Task goal:
An exact copy of the entries below is required, with all pictures removed.

[Short descriptive text snippets]
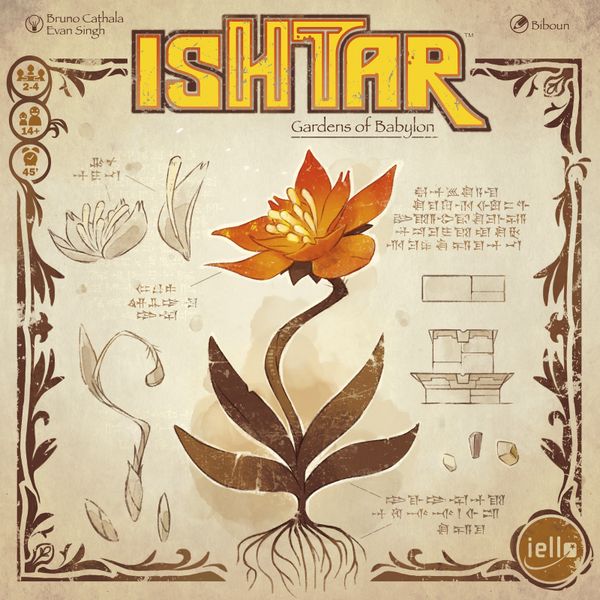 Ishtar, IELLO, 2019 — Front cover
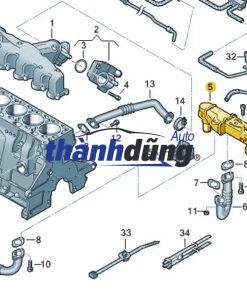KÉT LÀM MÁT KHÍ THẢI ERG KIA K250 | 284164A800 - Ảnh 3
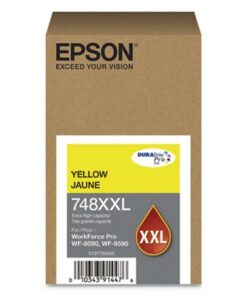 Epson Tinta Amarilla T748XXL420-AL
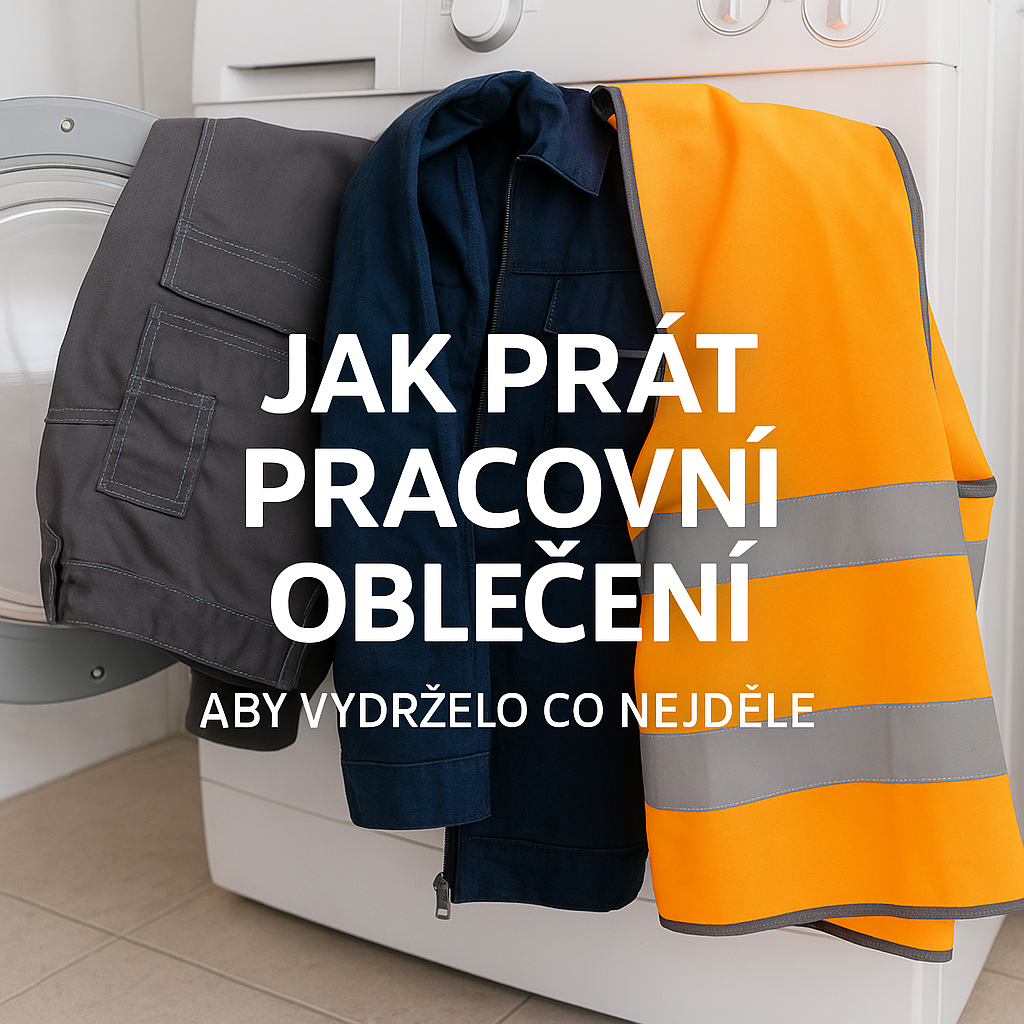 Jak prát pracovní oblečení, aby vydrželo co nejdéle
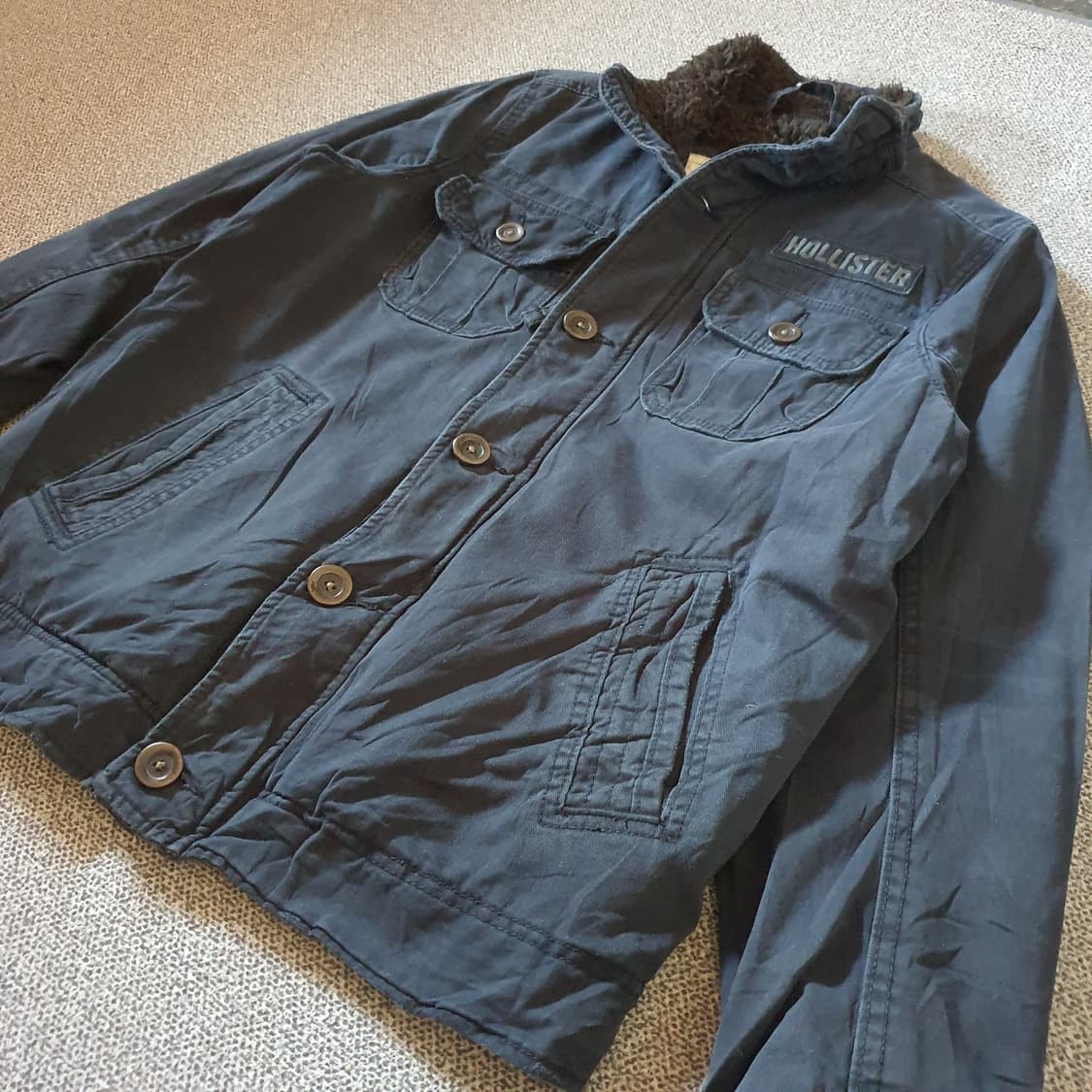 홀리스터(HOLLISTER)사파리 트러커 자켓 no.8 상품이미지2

Result for this task:
 Ishtar, IELLO, 2019 — Front cover
KÉT LÀM MÁT KHÍ THẢI ERG KIA K250 | 284164A800 - Ảnh 3
 Epson Tinta Amarilla T748XXL420-AL
 Jak prát pracovní oblečení, aby vydrželo co nejdéle
 홀리스터(HOLLISTER)사파리 트러커 자켓 no.8 상품이미지2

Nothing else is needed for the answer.